Zone Transfer by NOTIFY
The trouble with the NOTIFY request is that it travels by UDP and may be dropped by the network. The "U" in UDP is not for "Unreliable," although it might as well be. Additionally, if a slave does not support NOTIFY, you're out of luck in any case. Also, this is one instance where the very sensible time delay of NOTIFY will be frustrating. You can't know if your server is still waiting out the delay or if the NOTIFY request got lost. Fortunately, though, you can enable more logging in named.conf so you can see everything that happens:
logging { channel my_log { file "/var/log/named.db"; severity dynamic; print-category yes; print-severity yes; }; category notify { my_log; }; category xfer-out { my_log; }; };
Run "ndc restart" to pick up the configuration change. Update the zone serial number in the zone, run "ndc trace 3," and then run "tail -f /var/log/named.db" to see what happens when you, finally, run "ndc reload" to load the updated zone:
29-Apr-2000 16:39:50.897 ns_notify(penguin.bv, IN, SOA): ni 0x400bf728, zp 0x80e188c, delay 24 29-Apr-2000 16:40:14.899 sysnotify(penguin.bv, IN, SOA) 29-Apr-2000 16:40:14.901 Sent NOTIFY for "penguin.bv IN SOA" (penguin.bv); 1 NS, 1 A 29-Apr-2000 16:40:14.916 Received NOTIFY answer from 192.168.226.3 for "penguin.bv IN SOA" 29-Apr-2000 16:40:15.084 zone transfer (AXFR) of "penguin.bv" (IN) to [192.168.226.3].8478
Actually, there will be more unless you "grep" the tail output, but the preceding contains the interesting bits. First, you see that named decides that a NOTIFY is in order, and to delay it 24 seconds. Then, the time to send the NOTIFY arrives and it is sent. A response is promptly received; in short order, the zone is transferred by the slave. This is what is supposed to happen, for each and every slave server. If it does not, it should suffice to do a "ndc restart", because named will issue NOTIFY requests when starting, just in case a zone changed since the last reload or restart. In this manner, you should be able to get the slaves reloaded promptly.
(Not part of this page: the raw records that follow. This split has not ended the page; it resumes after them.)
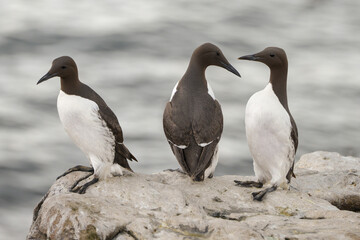 Guillemot de Troïl, © JAG IMAGES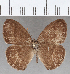  ( - CFC12554)  @11 [ ] copyright (2020) Christer Fahraeus Center For Collection-Based Research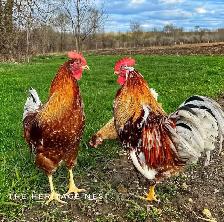 SWEDISH FLOWER HENS - Photo 9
Zone Transfer by Other Methods
If all your slaves do not implement NOTIFY and you do not have full access, you need to get the slaves to check the zone for updates frequently enough so that the zone transfer happens fast enough. Controlling this is what the refresh value is for. If you would like to have the zone transferred within 10 minutes of an update, set the refresh period to 10 minutes. But be sure to do it more than one old refresh interval before the change takes place so that the new, decreased refresh interval is picked up in time. In cases such as the moving of an important server, a refresh period of one minute would not be out of place. And this is quite possibly the simplest way to accomplish this in any case—if you plan ahead. But do increase it again afterward.
The last technique is to call up the admins of the slave servers and arrange for them to be available when the move is made. Then phone around, getting the admins to reload the zone by force, by removing the zone file from the slave servers and reloading as described earlier. This works best if there aren't many of them to call.